▶ RECORDED DATA:
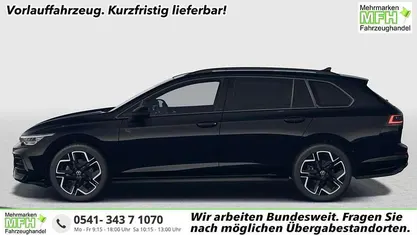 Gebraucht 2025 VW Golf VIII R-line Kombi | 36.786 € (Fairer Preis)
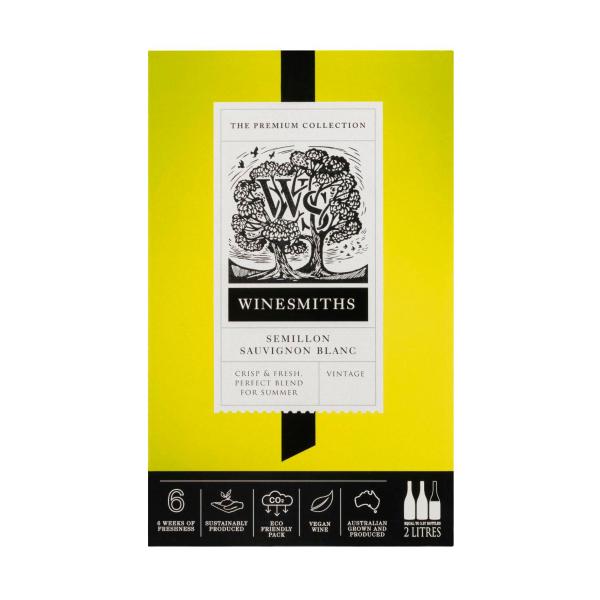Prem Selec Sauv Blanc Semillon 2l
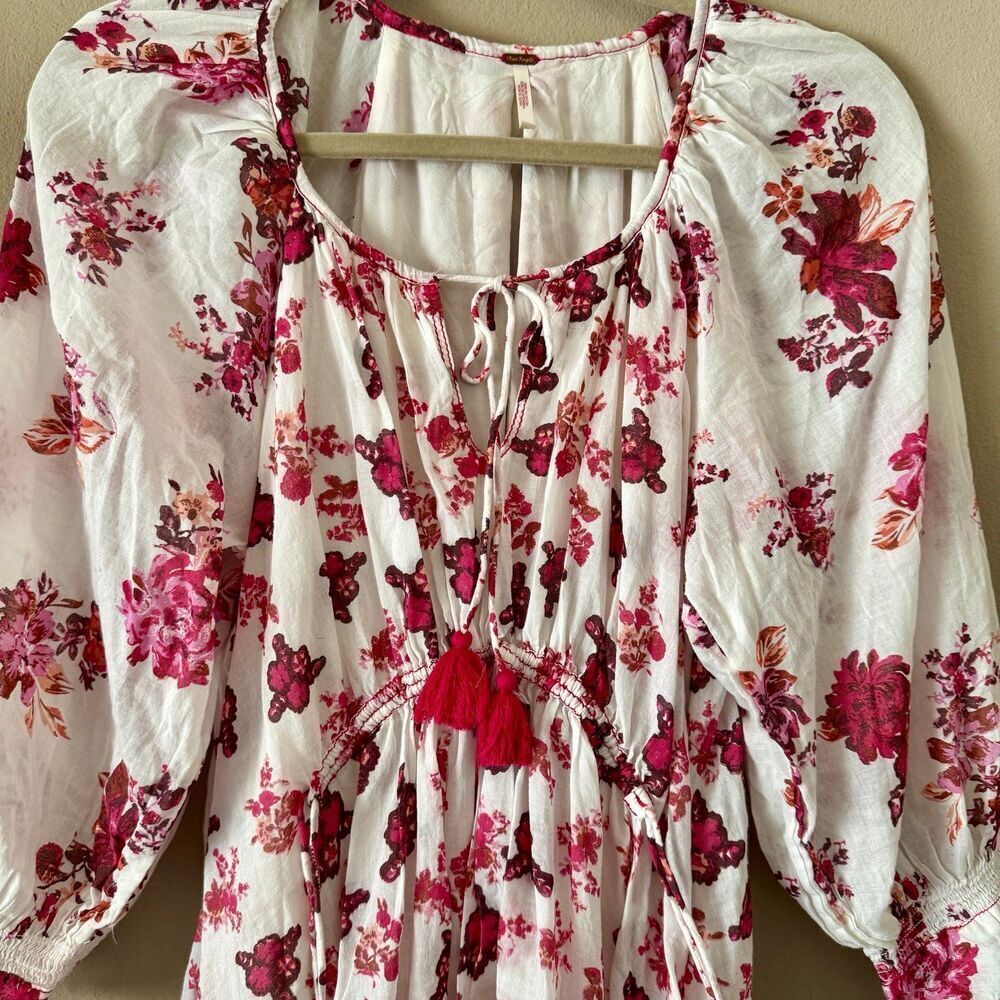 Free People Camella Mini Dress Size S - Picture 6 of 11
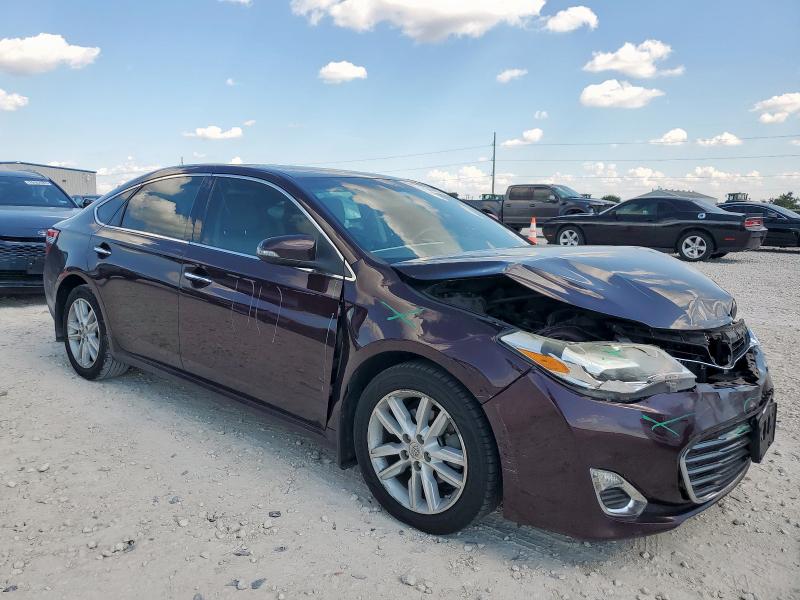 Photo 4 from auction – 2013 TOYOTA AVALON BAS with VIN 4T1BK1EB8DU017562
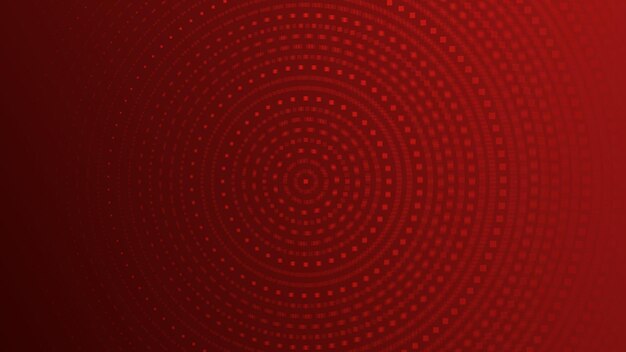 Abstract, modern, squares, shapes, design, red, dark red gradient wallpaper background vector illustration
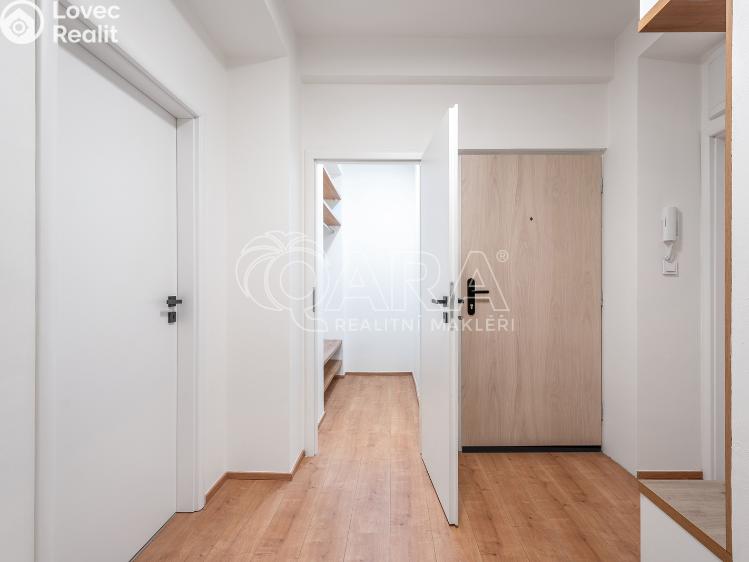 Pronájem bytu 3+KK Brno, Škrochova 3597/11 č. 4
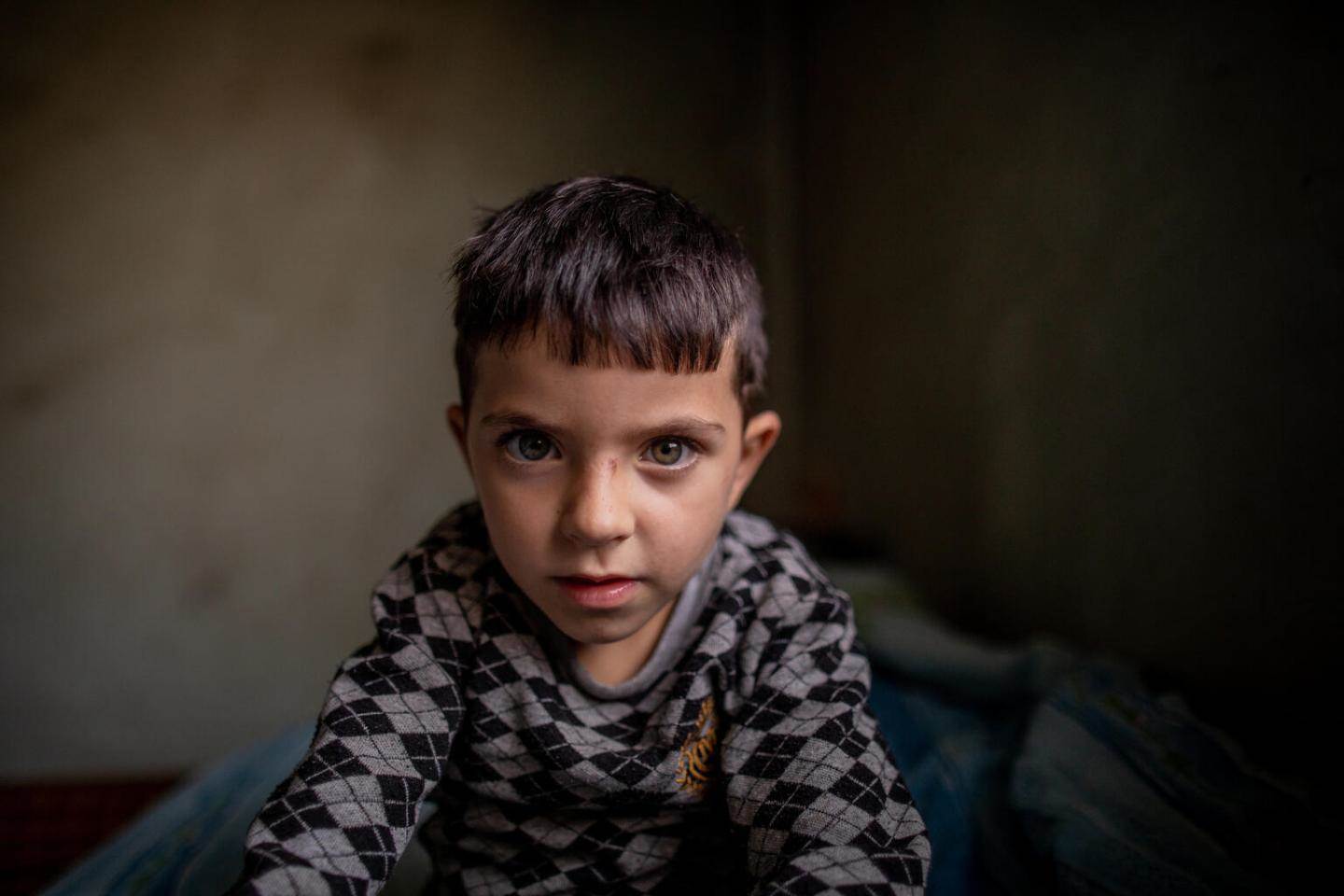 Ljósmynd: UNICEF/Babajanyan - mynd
--
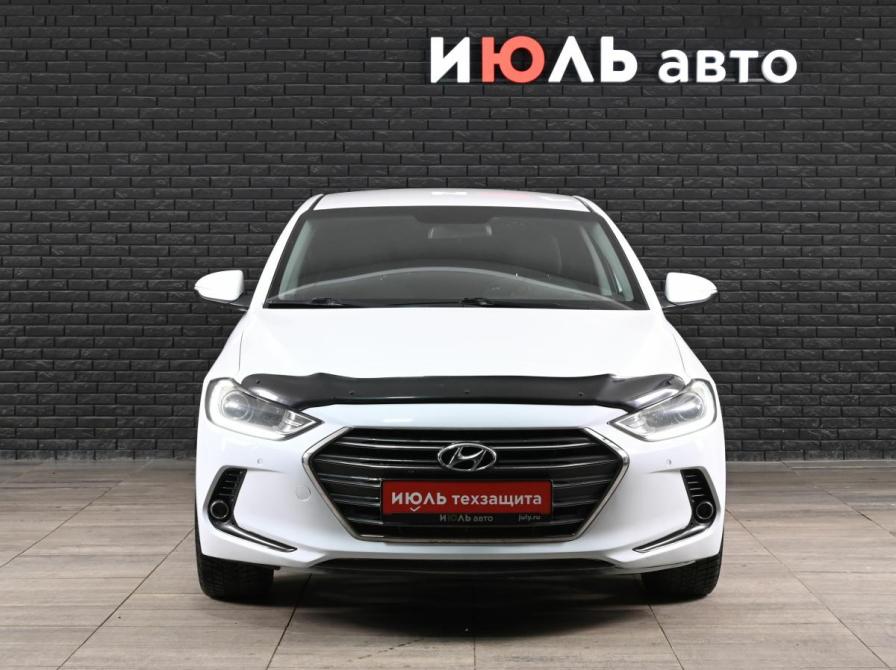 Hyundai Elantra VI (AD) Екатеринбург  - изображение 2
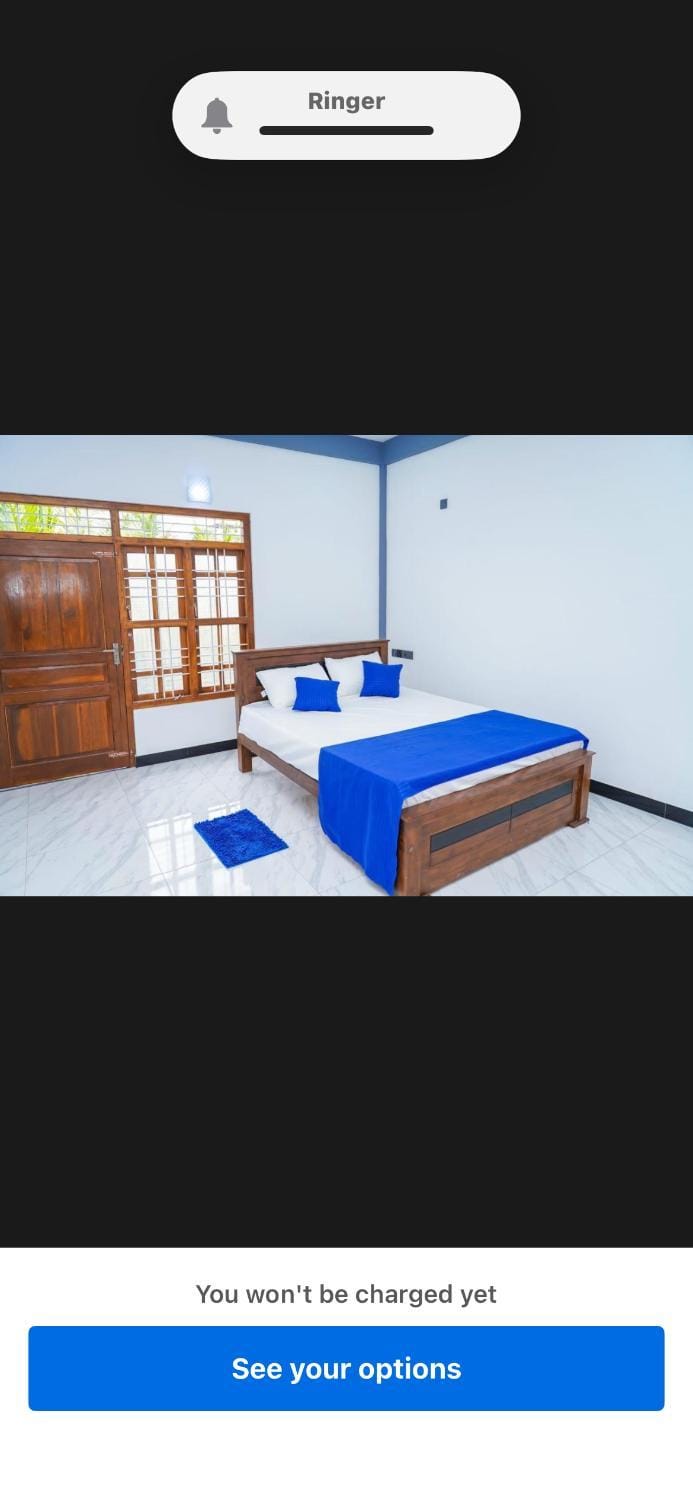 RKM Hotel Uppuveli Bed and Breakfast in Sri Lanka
---
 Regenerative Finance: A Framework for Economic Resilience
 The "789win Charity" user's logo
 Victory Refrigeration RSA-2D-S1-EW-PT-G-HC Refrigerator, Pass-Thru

▶ EXERCISE DIRECTIONS: In the listing above, find the line with "Abstract, modern, squares, shapes, design, red, dark" and output it and every line after it up to and including the line with "Ljósmynd: UNICEF/Babajanyan - mynd", exactly, minus the pictures.

▶ ANSWER SECTION:
 Abstract, modern, squares, shapes, design, red, dark red gradient wallpaper background vector illustration
 Pronájem bytu 3+KK Brno, Škrochova 3597/11 č. 4
 Ljósmynd: UNICEF/Babajanyan - mynd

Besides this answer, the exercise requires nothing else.